Are there functions that are not of exponential order for which you can define a Laplace transform? I'am in a course of Introduction to Linear Differential Equations and teacher made us this question in class.
we work in $\mathbb{R}$, and any help to answer this is welcome
 A: $\newcommand{\dd}{\mathrm{d}}$A prime example that you find in many textbooks is 
$$
f(t) = 2te^{t^2}\cos(e^{t^2})
$$
We may observe that $f(t)=\frac{\dd}{\dd t}\sin(e^{t^2})$, therefore,
\begin{align}
(\mathscr{L}f)(s)
{}={}& 
\int_0^\infty e^{-s\tau} \frac{\dd}{\dd \tau}\sin(e^{\tau^2}) \dd \tau
\\
{}={}& \left.e^{-s\tau}\sin(e^{\tau^2})\right|_0^\infty
- \int_0^\infty (-s)e^{-s\tau}\sin(e^{\tau^2})\dd\tau
\\
{}={}& -\sin 1 - \int_0^\infty (-s)e^{-s\tau}\sin(e^{\tau^2})\dd\tau
\end{align}
The last integral converges because
\begin{align}
\int_0^\infty (-s)e^{-s\tau}\sin(e^{\tau^2})\dd\tau
{}\leq{}& 
\left|\int_0^\infty (-s)e^{-s\tau}\sin(e^{\tau^2})\dd\tau\right|
\\
{}={}&\int_0^\infty s e^{-s\tau}|\sin(e^{\tau^2})|\dd\tau
\\
{}\leq{}& \int_0^\infty s e^{-s\tau}\dd\tau
{}={} \frac{1}{s},
\end{align}
so the integral is defined for $s\in \mathbb{C}$ with $\Re(s) > 0$.
There are several other examples such as the one mentioned by @SimonS in a comment (see here).

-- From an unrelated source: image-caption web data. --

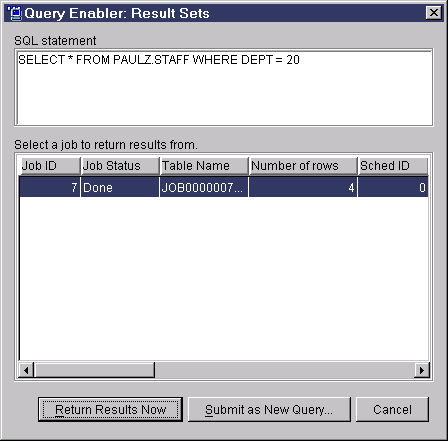 Screen capture of the QueryEnabler: Result Sets window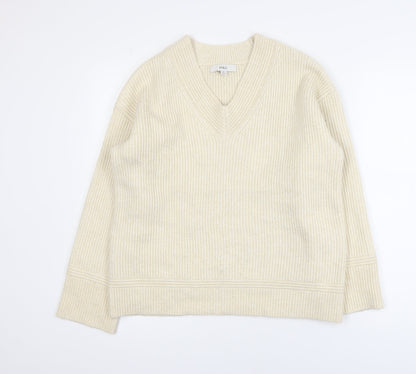 Marks and Spencer Womens Beige Wool V-Neck Pullover Jumper M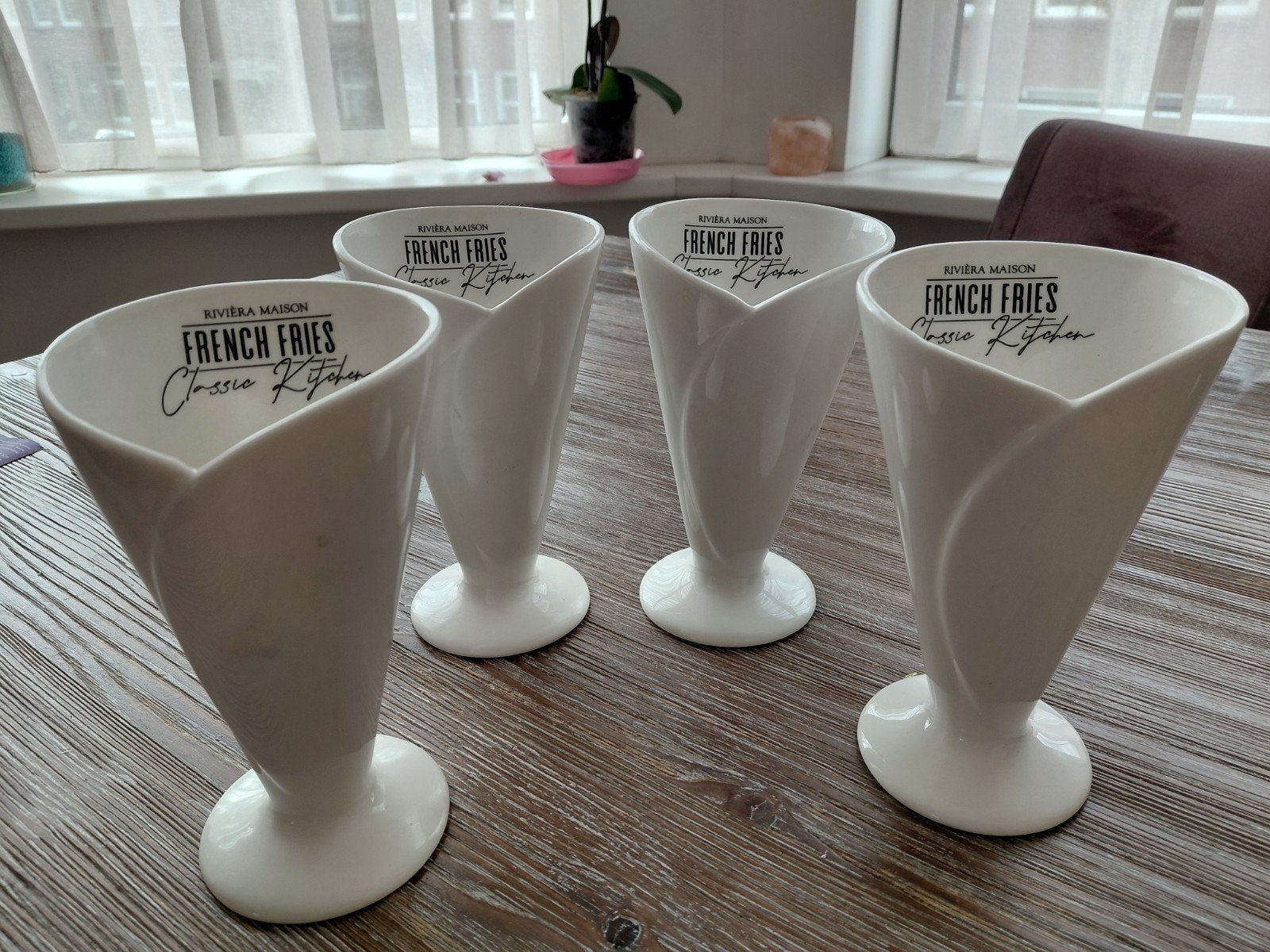 Riviera Maison Patat Bakjes - Set van 4, Overige merken, Keramiek, Ophalen of Verzenden, Zo goed als nieuw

Yet another example is the following function 
$$
f(t) = \begin{cases}
e^{n^2}, &\text{if } t\in [n, n+e^{-n^2})
\\
0,&\text{otherwise}
\end{cases}
$$
It is not difficult to show that the Laplace transform of $f$ exists.
A: A good example is $\ln x$ .
Its laplace transform is $-\dfrac{\gamma+\ln s}{s}$ .